START Data listing

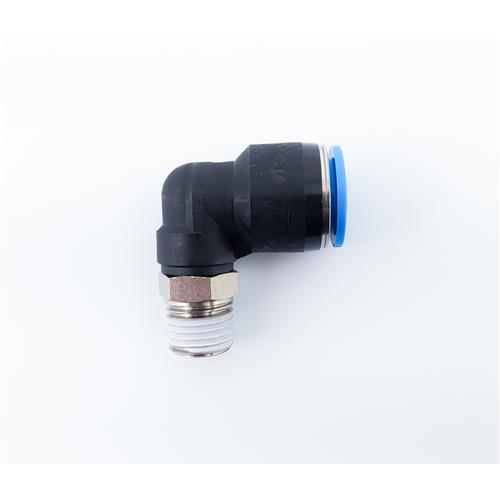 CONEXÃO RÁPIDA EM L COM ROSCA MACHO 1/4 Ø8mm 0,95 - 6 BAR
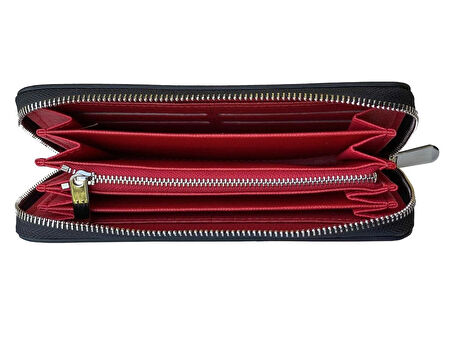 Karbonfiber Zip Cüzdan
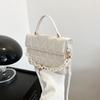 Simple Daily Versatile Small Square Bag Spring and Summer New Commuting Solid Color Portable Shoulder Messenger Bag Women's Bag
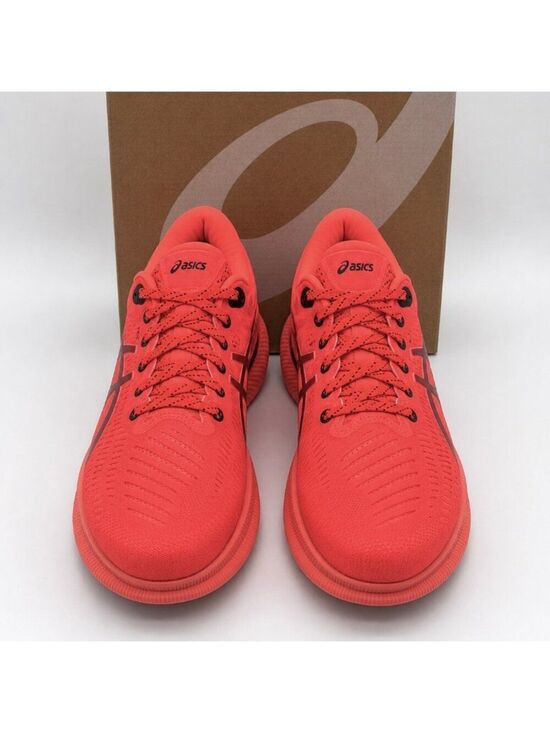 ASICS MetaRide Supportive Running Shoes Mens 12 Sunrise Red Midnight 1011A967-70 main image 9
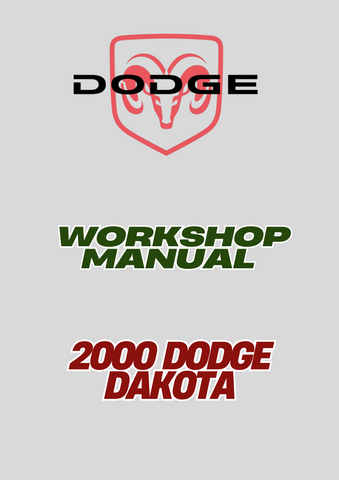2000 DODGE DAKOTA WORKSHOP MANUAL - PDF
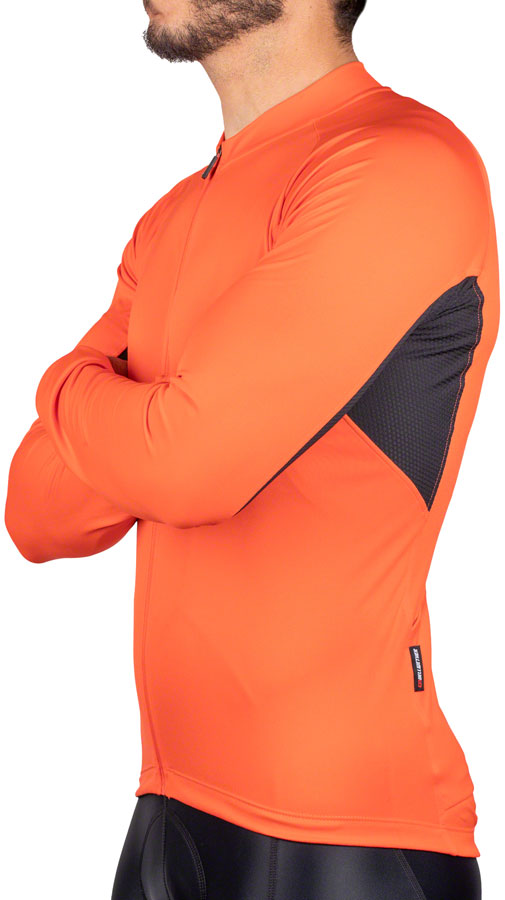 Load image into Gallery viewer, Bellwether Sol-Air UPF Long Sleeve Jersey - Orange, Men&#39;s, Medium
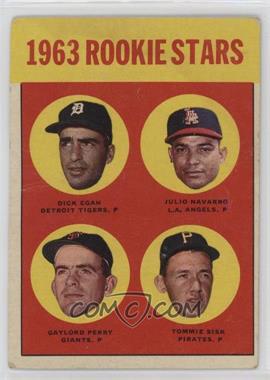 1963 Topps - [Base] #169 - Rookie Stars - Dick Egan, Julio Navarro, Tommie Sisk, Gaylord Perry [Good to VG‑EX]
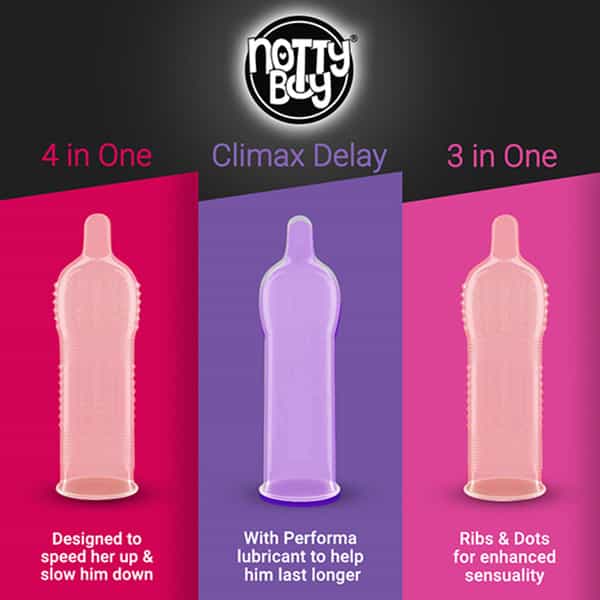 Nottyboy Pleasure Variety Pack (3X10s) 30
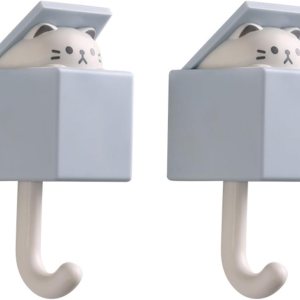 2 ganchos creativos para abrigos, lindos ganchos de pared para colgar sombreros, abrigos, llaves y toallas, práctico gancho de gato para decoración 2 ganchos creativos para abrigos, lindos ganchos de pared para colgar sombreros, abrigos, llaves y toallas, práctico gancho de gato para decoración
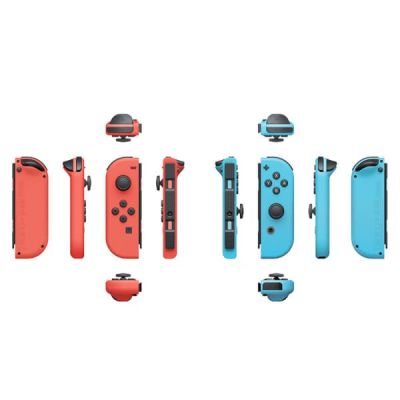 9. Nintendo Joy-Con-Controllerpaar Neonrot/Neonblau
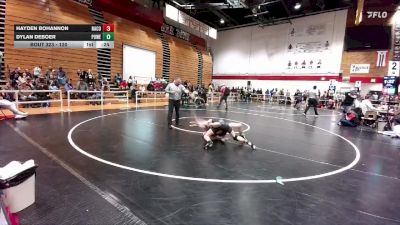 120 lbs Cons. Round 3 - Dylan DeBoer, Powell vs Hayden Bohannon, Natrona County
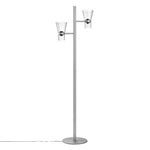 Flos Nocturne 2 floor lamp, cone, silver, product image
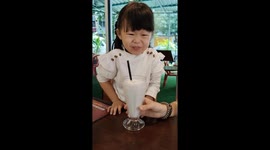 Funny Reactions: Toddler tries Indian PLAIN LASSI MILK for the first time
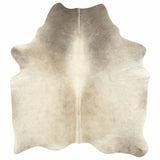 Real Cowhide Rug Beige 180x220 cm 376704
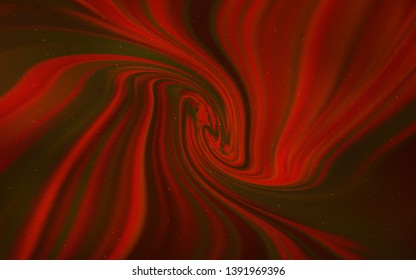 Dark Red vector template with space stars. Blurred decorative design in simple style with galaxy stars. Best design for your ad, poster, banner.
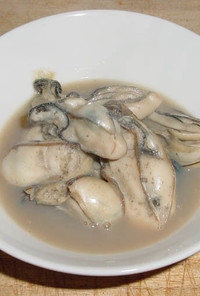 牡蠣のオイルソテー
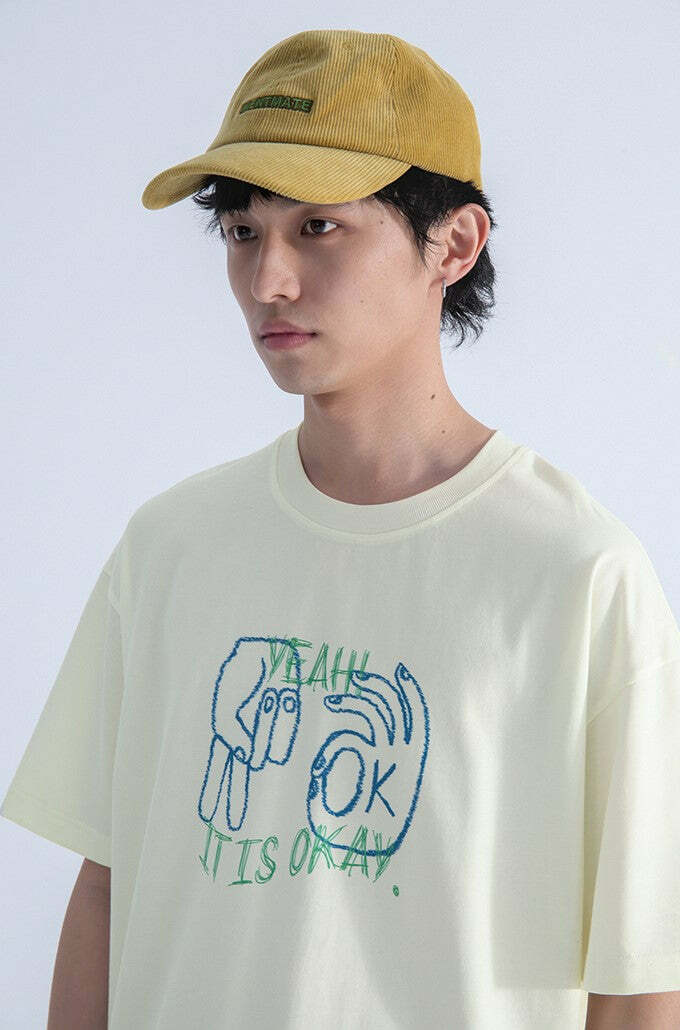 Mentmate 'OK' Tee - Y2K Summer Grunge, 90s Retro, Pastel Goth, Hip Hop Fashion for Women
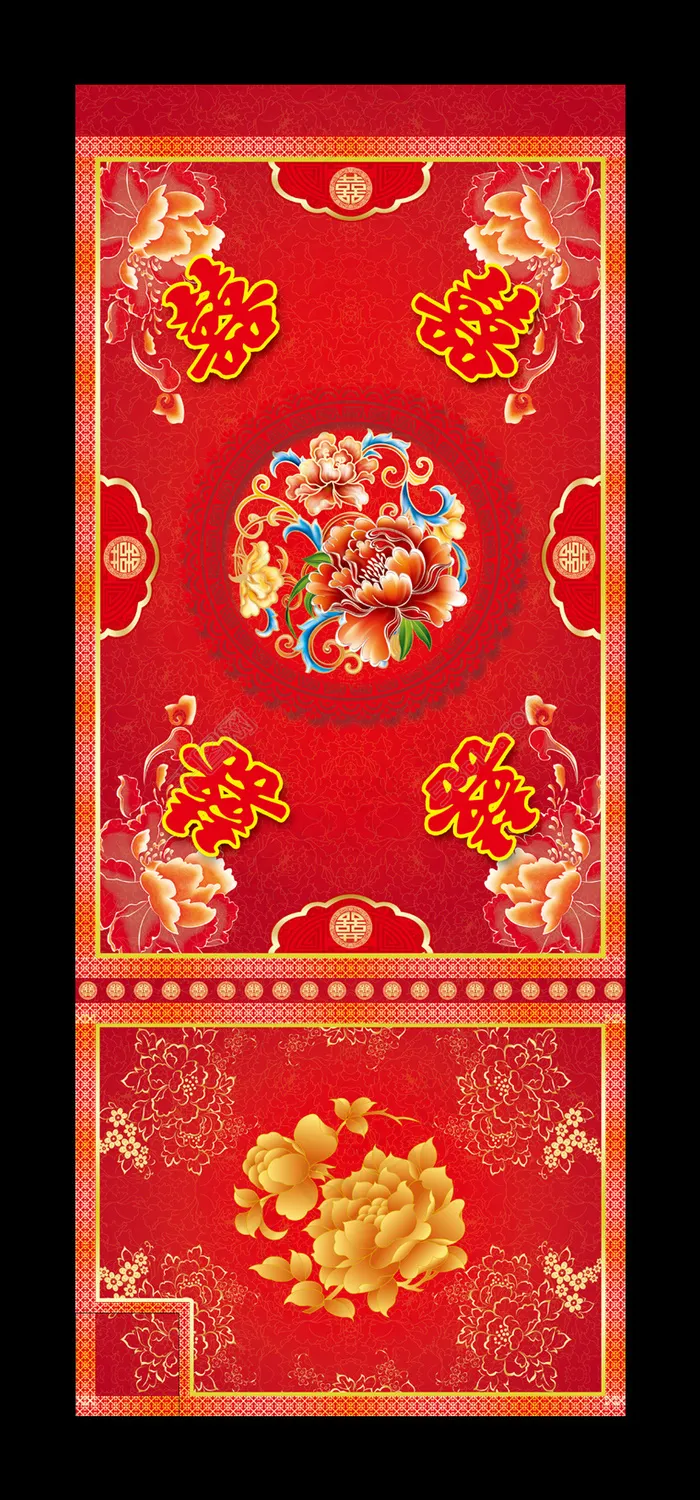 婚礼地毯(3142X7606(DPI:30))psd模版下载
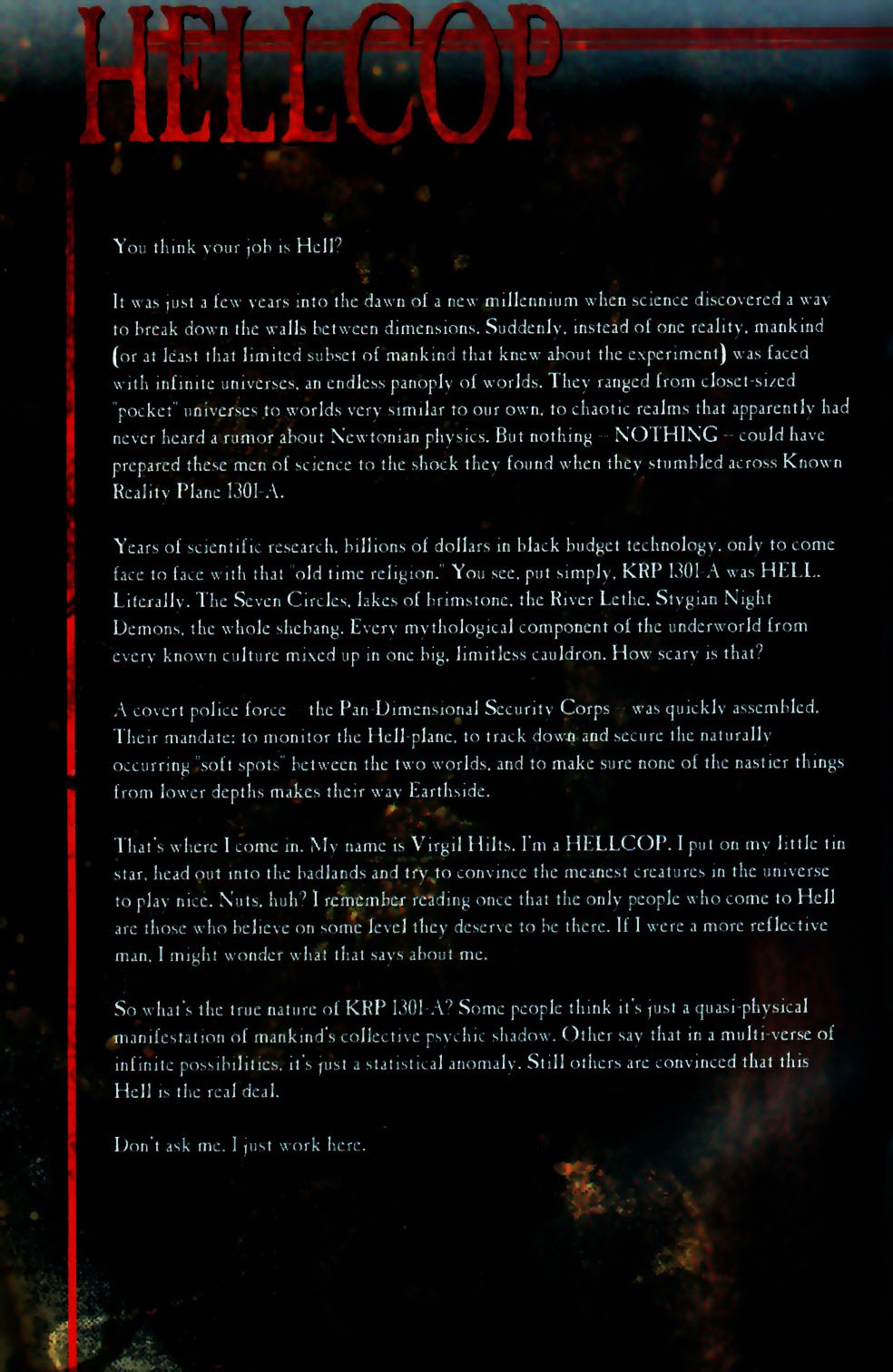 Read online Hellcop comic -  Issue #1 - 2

END Data listing

The result should be an exact copy of only the lines above from the one that holds "1963 Topps - [Base]" through the one that holds "Funny Reactions: Toddler", both ends included, without pictures.

 1963 Topps - [Base] #169 - Rookie Stars - Dick Egan, Julio Navarro, Tommie Sisk, Gaylord Perry [Good to VG‑EX]
 Nottyboy Pleasure Variety Pack (3X10s) 30
 2 ganchos creativos para abrigos, lindos ganchos de pared para colgar sombreros, abrigos, llaves y toallas, práctico gancho de gato para decoración 2 ganchos creativos para abrigos, lindos ganchos de pared para colgar sombreros, abrigos, llaves y toallas, práctico gancho de gato para decoración
 9. Nintendo Joy-Con-Controllerpaar Neonrot/Neonblau
 120 lbs Cons. Round 3 - Dylan DeBoer, Powell vs Hayden Bohannon, Natrona County
 Flos Nocturne 2 floor lamp, cone, silver, product image
 Funny Reactions: Toddler tries Indian PLAIN LASSI MILK for the first time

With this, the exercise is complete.